X = penguins.drop(['species'],axis=1)
Y = penguins['species']

model = DecisionTreeClassifier(criterion='entropy',max_depth=1)


AdaBoost = AdaBoostClassifier(n_estimators=400,learning_rate=1,algorithm='SAMME')

AdaBoost.fit(X_train, y_train)
prediction = AdaBoost.score(X_test, y_test)

print('The accuracy is: ',prediction*100,'%')
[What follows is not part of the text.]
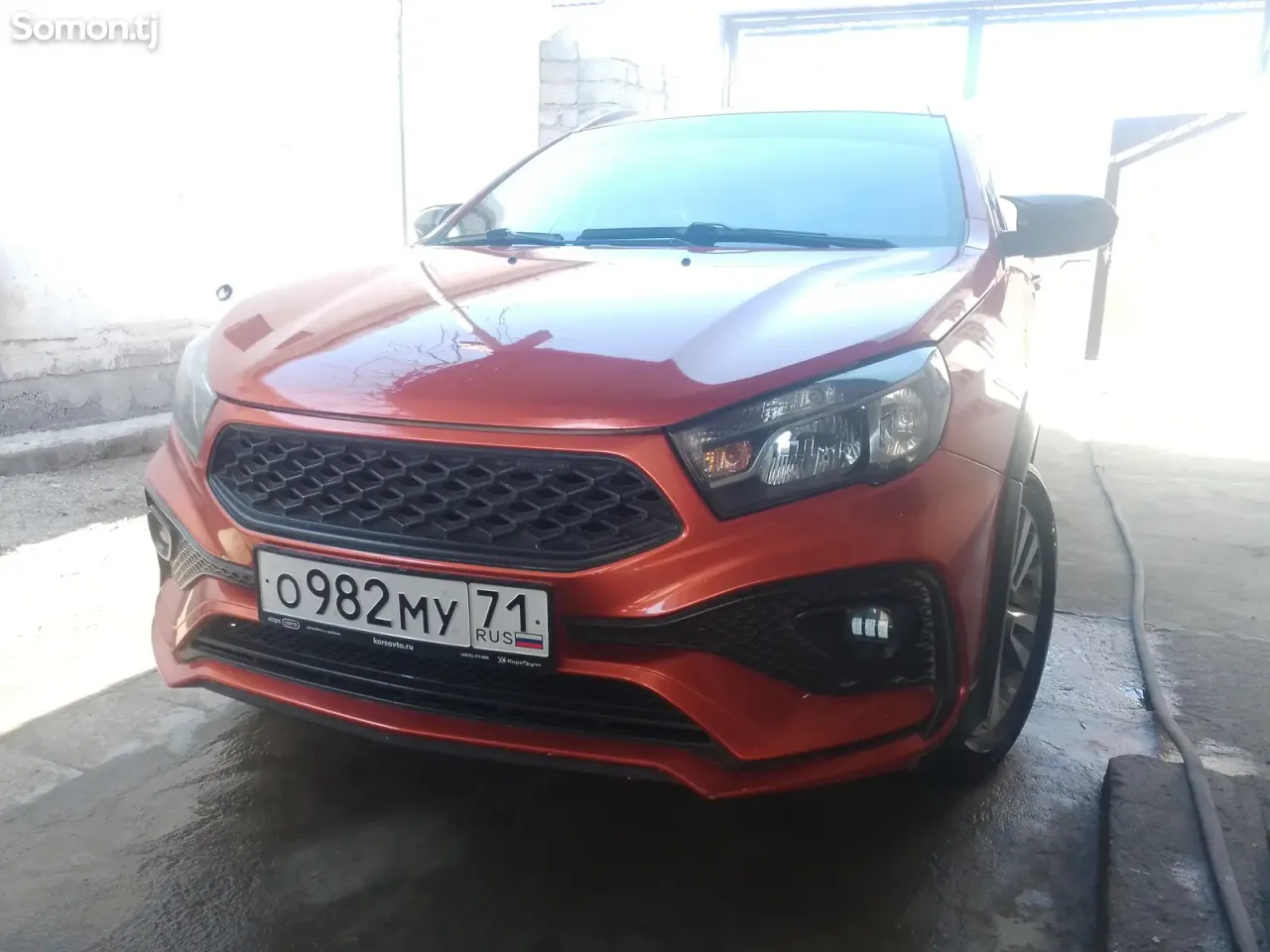 Lada (ВАЗ) Vesta 2024 · 1.6 MT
The accuracy is:  98.50746268656717 %


In [26]:
# second adaboost - higher estimator and lower learning rate
from sklearn.model_selection import train_test_split

X_train, X_test, y_train, y_test = train_test_split(X, Y, test_size=0.5, random_state=6)
X = penguins.drop(['species'],axis=1)
Y = penguins['species']
model = DecisionTreeClassifier(criterion='entropy', max_depth=2)
AdaBoost = AdaBoostClassifier(estimator=model, n_estimators=500, learning_rate=0.4, algorithm='SAMME')
AdaBoost.fit(X_train, y_train)
prediction = AdaBoost.score(X_test, y_test)

print('The accuracy is: ',prediction*100,'%')



The accuracy is:  97.60479041916167 %


In [21]:
# third adaboost - using cross validation
from sklearn.model_selection import cross_val_score

X_train, X_test, y_train, y_test = train_test_split(X, Y, test_size=0.2, random_state=2)
X = penguins.drop(['species'],axis=1)
Y = penguins['species']
model = DecisionTreeClassifier(criterion='entropy', max_depth=2)
AdaBoost = AdaBoostClassifier(estimator=model, n_estimators=500, learning_rate=0.4, algorithm='SAMME')
scores = cross_val_score(AdaBoost, X, Y, cv=5)
print("Cross-validated accuracy:", round(scores.mean() * 100, 2), '%')



Cross-validated accuracy: 98.8 %


For each different model that was run, all of the predicted accuracies were very close. For the first model, I ran a straight boosting classifier and got a 98.51% accuracy. For the first boosting model, I ran a straight boosting model with an estimator of 400 and a learning rate of 1 and got an accuracy of 98.057%. For the second adaboost model, I changed did a test size of 0.5 instead of 0.2 and changed the seed as well as changing the estimator to 500 and the learning rate to 0.4 and got an accuracy of 97.60%. For the third adaboost model, I added in cross validation and got an accuracy of 98.8%.